I agree with Stallman that at this point we should not be discussing the
merits and aesthetics of MEMBER vs. MEMBERP.  We did that once, and made
a decision.  The time for aesthetic improvements to the language (first
edition) is over.  For that reason, I find his poll of MIT users on
whether they want good old-fashioned MEMBER to stay the way it is to be
totally irrelevant to this discussion; last August, that might have been
valuable input, but not now.

I disagree strongly with Stallman's view that we have some obligation to
make his proposed changes unless someone comes up with a compelling
reason not to.  Whether RMS heard about it or not, the manual is frozen
and the presumption must be strongly in favor of not making any changes
to it.  It now requires a truly compelling reason to make any change.

We are considering the MEMBER => MEMBERP change, if at all, because it
is a sort of emergency request.  Stallman's claim is that (1) changing
to MEMBERP is so trivial a change that we should consider it even at
this late date, (2) it costs existing implementations nothing to make
the change, and (3) it causes the MIT/LMI/Stallman implementation
terrible problems to leave MEMBER the way it currently is, with EQL as
the default.  In other words, according to RMS, the cost to him of not
making the change is very much greater than cost to the rest of us of
making the change.  That is the ONLY reason that I can see why a change
of this sort would be considered now.

After thinking about this issue, I now believe that all three of the
above-mentioned points are greatly exaggerated.

(1) As we see from RMS's note, the proposal now is to alter MEMBER,
REMOVE-IF-NOT.  In several cases, the proposal involves changing the
sense of a test.  The ASSOC and RASSOC functions are to be replaced with
uses of FIND.  This is not such a trivial change any more.

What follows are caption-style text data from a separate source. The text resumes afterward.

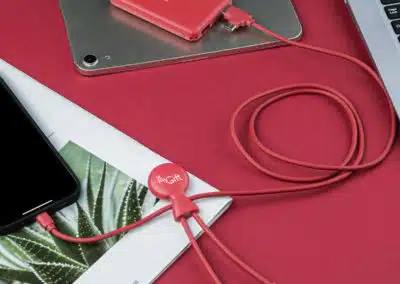 Une pochette de téléphone et un cable usb multiport personnalisés avec logo à offrir comme objet promotionnel ou cadeau d'entreprise corporate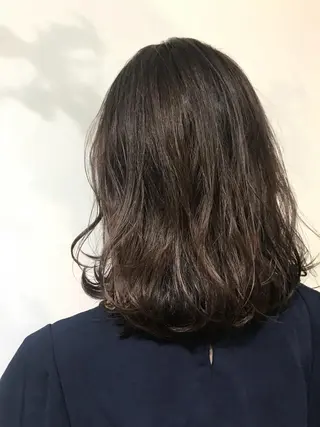 ミディアム いけだ ひかり ハイライトくびれヘアのヘアスタイル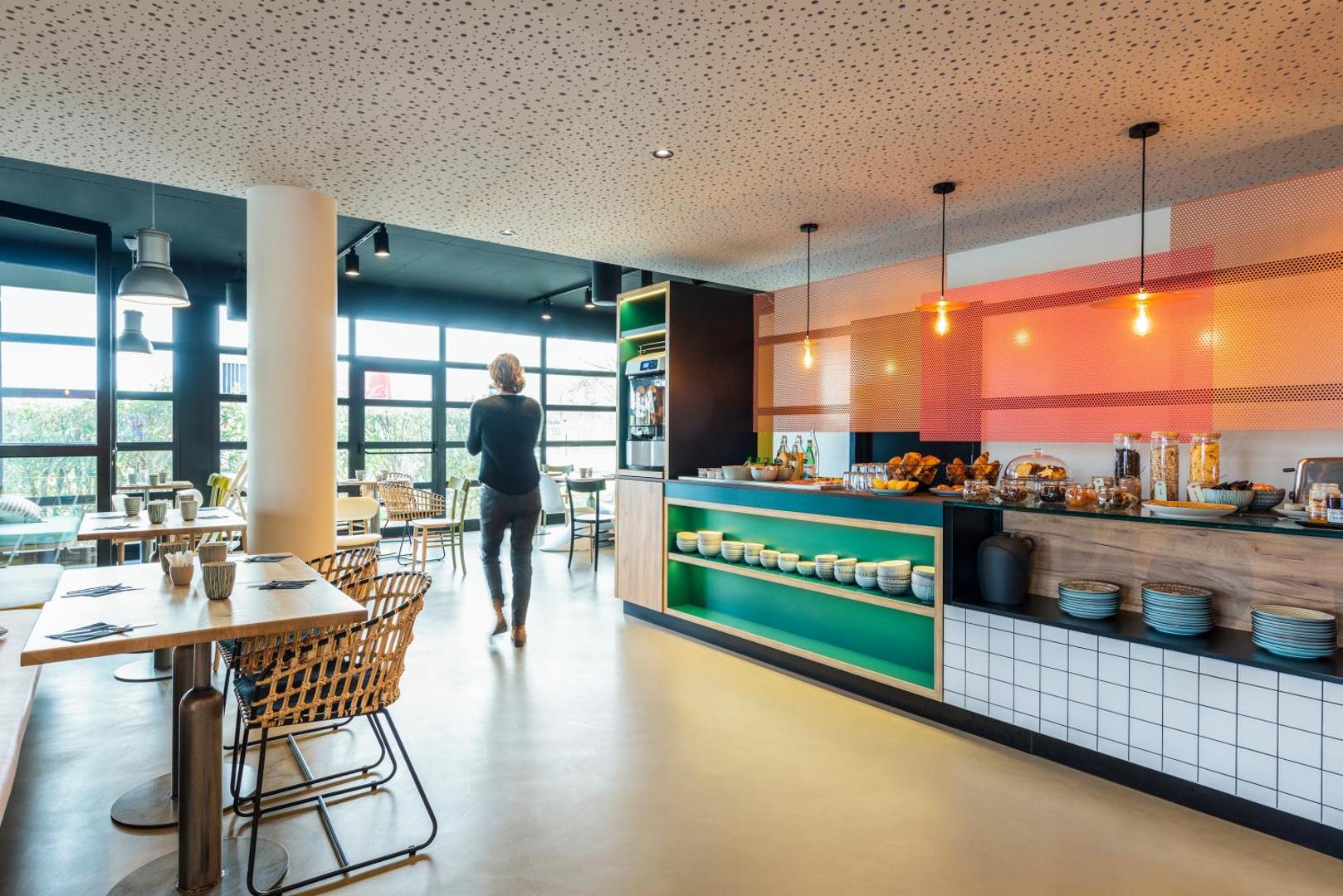 ibis Styles Lyon Meyzieu Stadium Olympique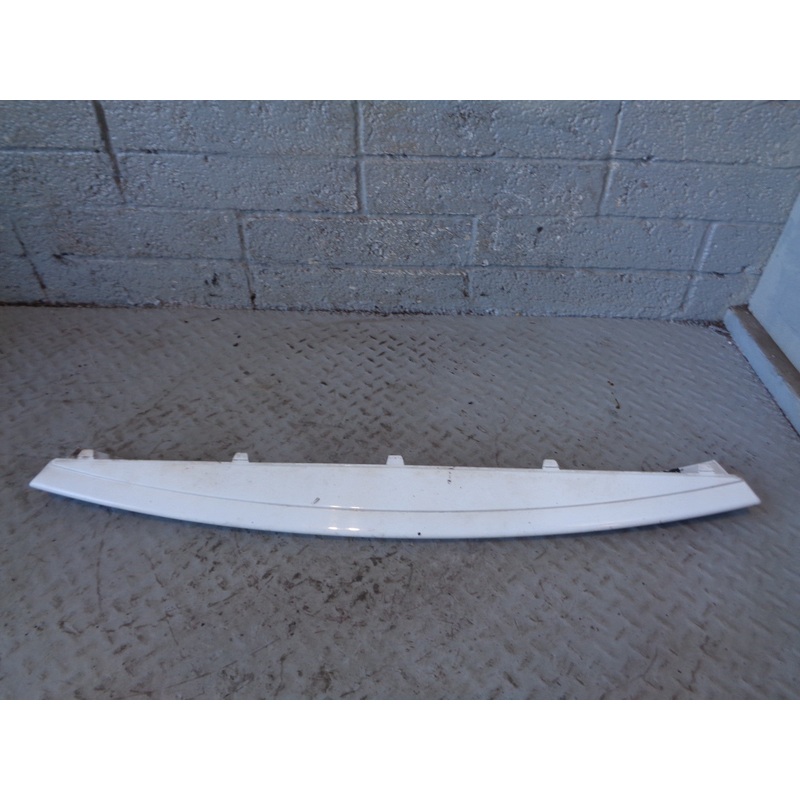 Range Rover Front Bumper Towing Eye Cover Fuji White LRC 867 2010 to 2013
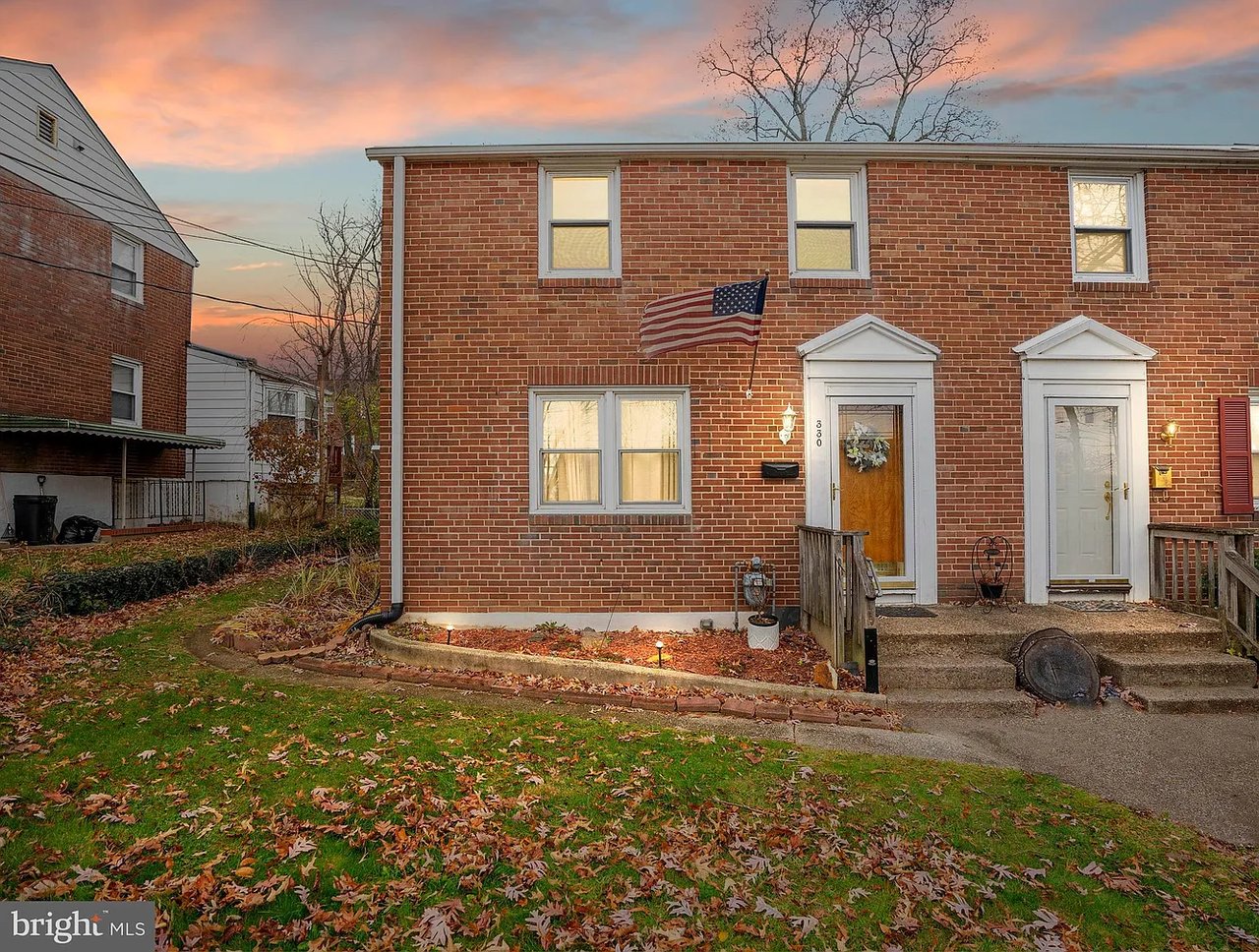 330 Marsh Ln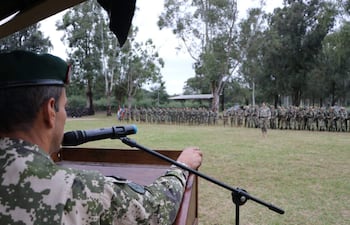 Militares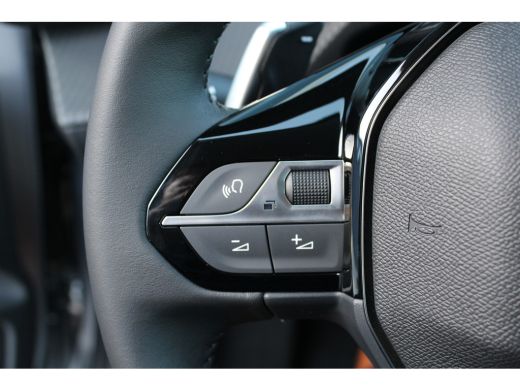 Peugeot 208 Allure | 16" Lichtmetalen velgen 'ELBORN' | Climate Control | Dashboard en deurpanelen in kunstst... ActivLease financial lease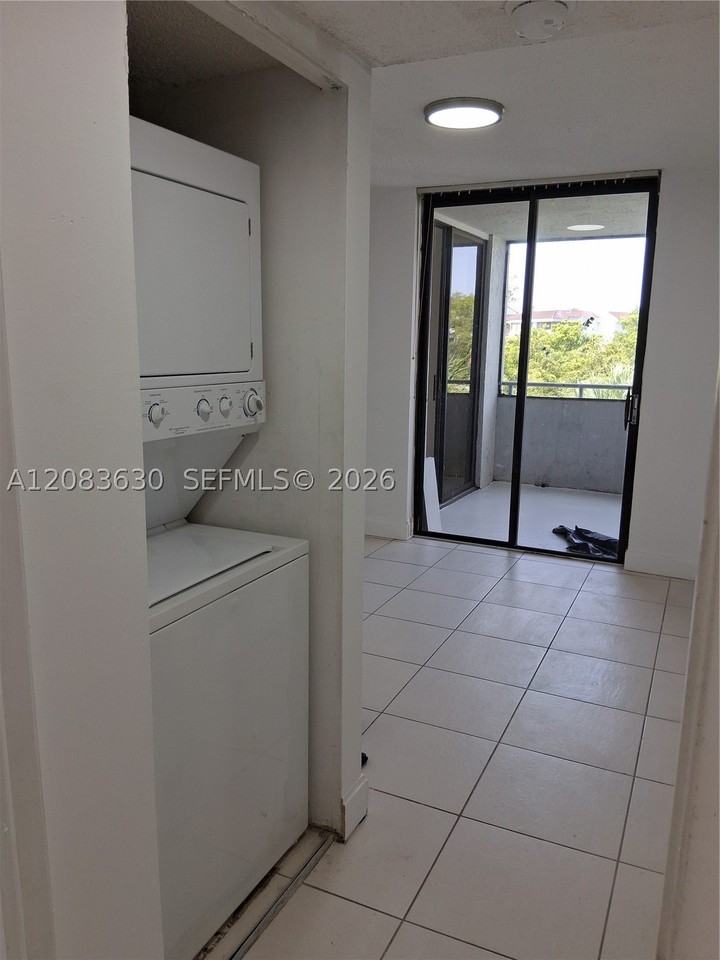 8255 Sw 152nd Ave #E403 - Photo 6 of 10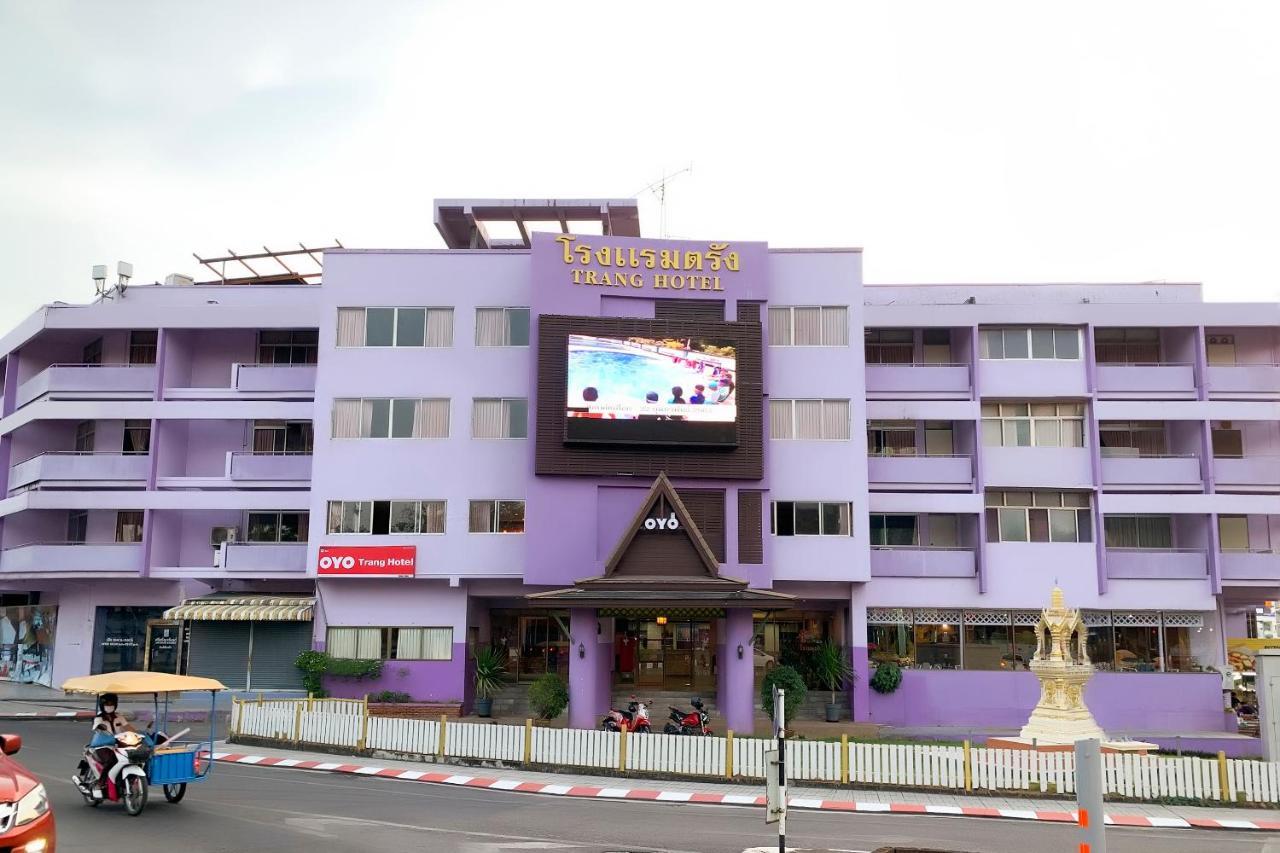 Oyo 565 Trang Hotel Екстериор снимка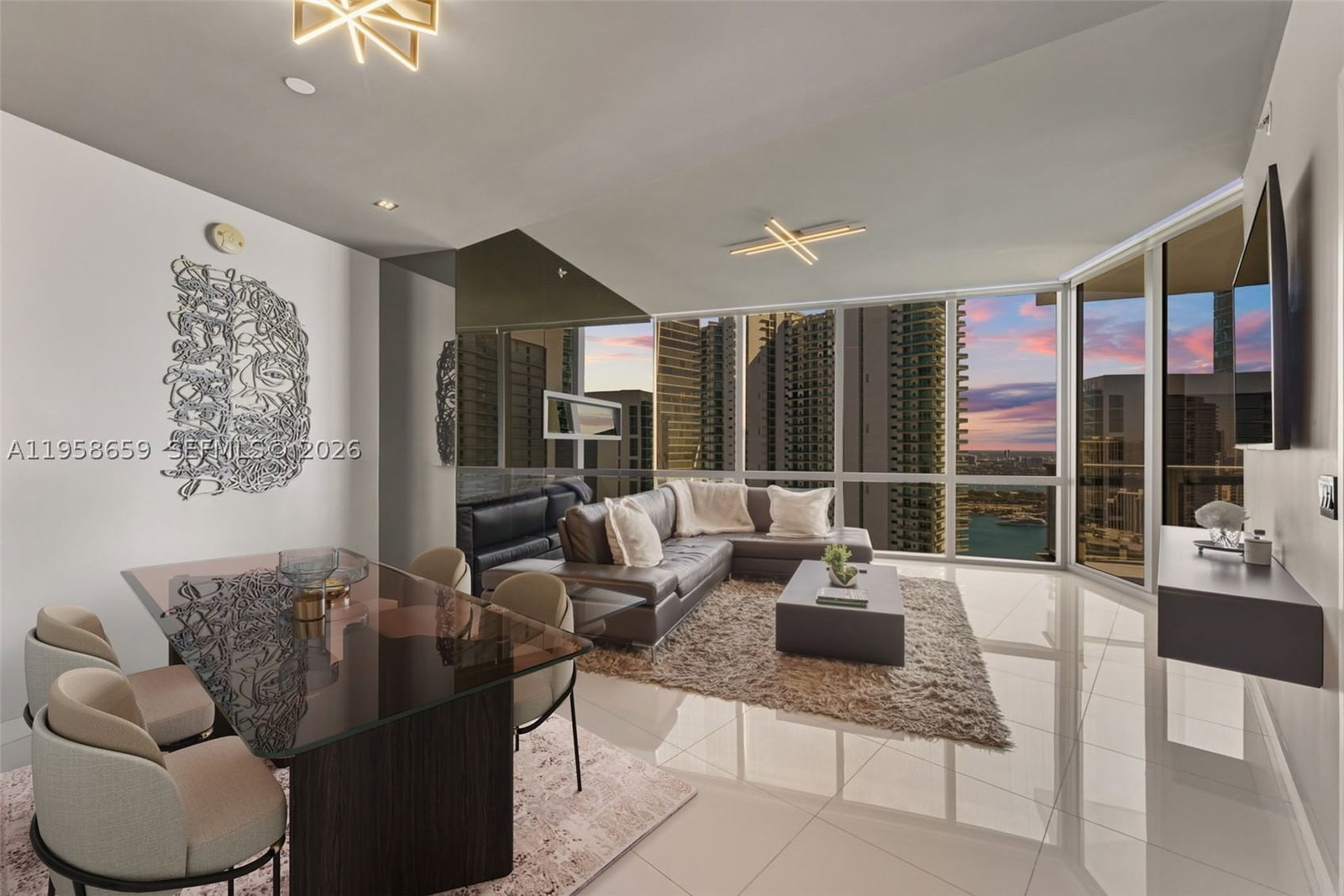 Real estate property located at 851 1st Ave #4303, Miami-dade, Paramount Miami Worldcent, Miami, FL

(2) The claim is that since Common Lisp would no longer define MEMBER,
REMOVE-IF-NOT, those of us who have made the transition already (and our
users) could just leave these functions as they are and add the new
forms beside them.  Thus, RMS claims, the cost of this conversion is zero
for us.  I can't speak for the other implementations, but we at CMU are
quite strongly committed to working within the bounds of portable Common
Lisp wherever possible.  This means that if MEMBER is not a part of
Common Lisp and MEMBERP is, we have to change our code to use MEMBERP.
RMS is technically correct -- if we didn't do this, our code would still
run -- but we are quite unwilling to have fossilized relics of earlier
editions of Common Lisp sprinkled through our system.  So, in realistic
terms, the cost to us of making all of RMS's changes is far from zero.
I'm not saying that it is a terrible cost, but it is significant.  A far
greater cost, in my opinion, would be the confusion in the minds of
those users who have already made the transition to the new Common Lisp
-- one of the most confusing things you can do is to make a decision on
something like this, sell people on it, and then reverse it six months

(3) After giving the matter some thought, I no longer believe that a
one-time change-over to use the EQL versions of MEMBER and friends would
be such a big deal for RMS and his users.  In the time he has spent
arguing about this, he could easily have implemented an Emacs or Zwei
command to turn all occurrences of (MEMBER x y) in a file into (MEMBER x
y :TEST #'EQUAL), and likewise for the other forms he's worried about.
He might not WANT to make the changeover, but it would not be the
terrible ordeal that he suggests.  In fact, I believe that it would be
no more work for him to make that change than for us to make the changes
he proposes.  A lot of people with a lot of working code have already
made that change, and have lived to tell about it.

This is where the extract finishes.